A new poll from Magellan Strategies that pits Jon Bruning against Ben Nelson is making national and local news.  The bad news for Nelson: in a hypothetical match-up, he trails Bruning by 14 points, 52%-38%.  The good news for Nelson: Magellan Strategies is a just a front group for conservatives.  

Its too bad national bloggers and political writers did not note this basic fact when they wrote their headline on the poll.  Shout out to the Omaha Reader for doing their job and citing the fact the poll is a right-wing job.

A lot of independent polling firms have reputations for catering to one side of the political spectrum, and Magellan is no different.  They’ve been pumping out conservative-leaning polls for years.  Their founder, David Flaherty, spent 18 years working in Republican politics.  So to spread the findings of this poll without that important fact ignores a major piece of the picture.

As for reliability, Magellan’s numbers are way off.  In this poll, 54% of their respondents were Republicans and 12% were Independents.  According to 2008 numbers, only 48% of Nebraskans are registered Republicans and almost 17% are Independents.  Savvy pollsters know that you want your demographics to closely reflect those of the electorate.  Magellan’s poll falls way short on this count.
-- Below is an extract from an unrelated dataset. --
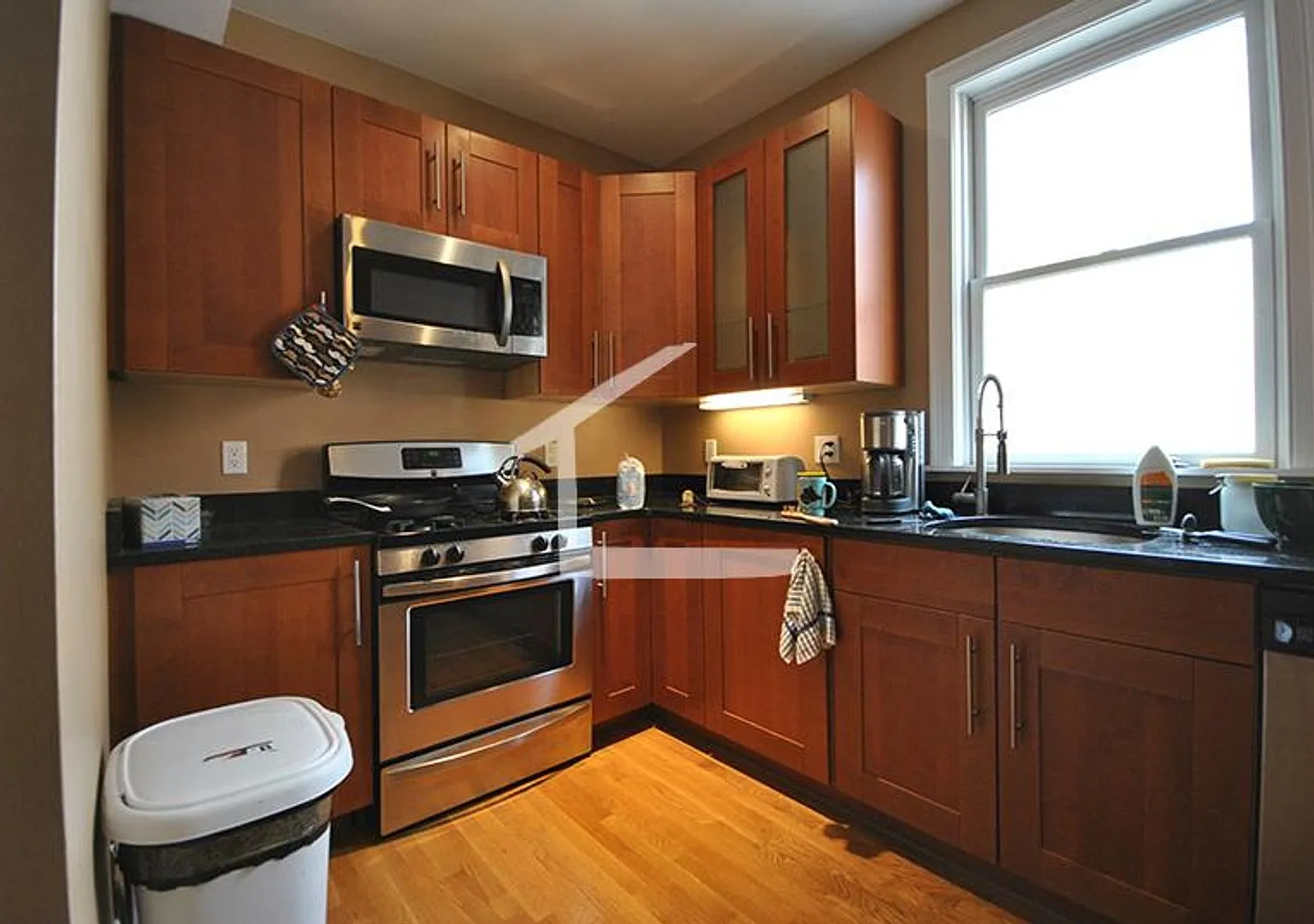 No Brokers Fee, Central Brookline Location, In-Unit Washer and Dryer, Central Heat/AC, Large Bedr... — Photo 2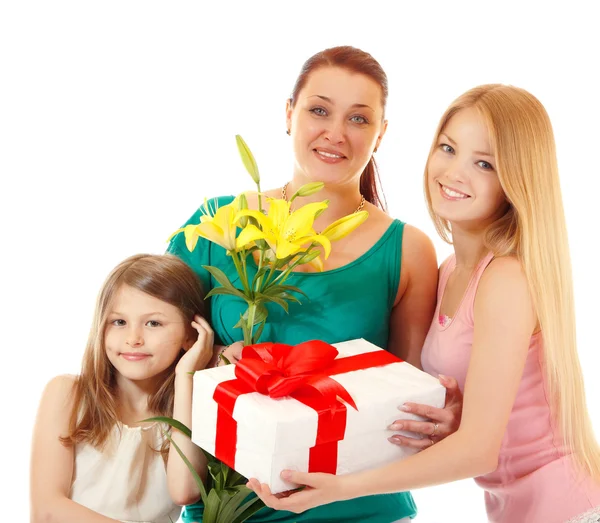 As filhas enviam cumprimentos e presentes à mãe — Fotografia de Stock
Adding insult to injury, Magellan has an issue with priming.  “Priming” in polls happens when respondents are asked about issues (e.g. health reform) before they are asked about candidates.  So when respondent’s answer questions about candidates, they may be zoning in on the issue they were just asked about instead of the candidate as a whole.

The big flaw in this poll is that respondents were asked if Nelson deserves reelection after they were asked about health care reform.  We expect Nelson to get hammered by the GOP on this issue in the election, but this poll inaccurately tilts the playing field.  Nelson’s a dynamic candidate who’s got a strong record on multiple issues.

“Priming” may also have played an overall factor because the poll was conducted Dec. 15 — two days after the individual mandate was struck down by a judge in Virginia.  Bruning and his fellow conservatives were hammering the decision in every possible media outlet.  Conducting the poll means there are no corrective measures for sample bias.  If pollsters ran the same poll today, the numbers could be different because different issues are salient to voters (especially given the legislation that just passed like the repeal of DADT, Food Safety and 9/11 Responder bill.)

This isn’t Magellan’s first time tilting the playing field.  For perspective on how reliable their poll numbers are, just look at their Oct. projections for the Denver mayor’s race.  They have incumbent Democract John Hickenlooper neck and neck with tea party challenger Tom Tancredo (44%-43% respectively).  Hickelooper won the mayorship by 17 points — 51%-37%.

In short: the Magellan numbers are bunk.  Bruning may not have paid for them, but considering the firm’s reputation, you can bet Magellan’s priorities aren’t to make Democrats look good.  Their polling methods reveal that their purpose was to generate a poll that grabbed headlines, not one that accurately reflected the voting mentality of Nebraskans.  They’re definitely getting the attention they wanted, but these numbers aren’t anything to build an election around.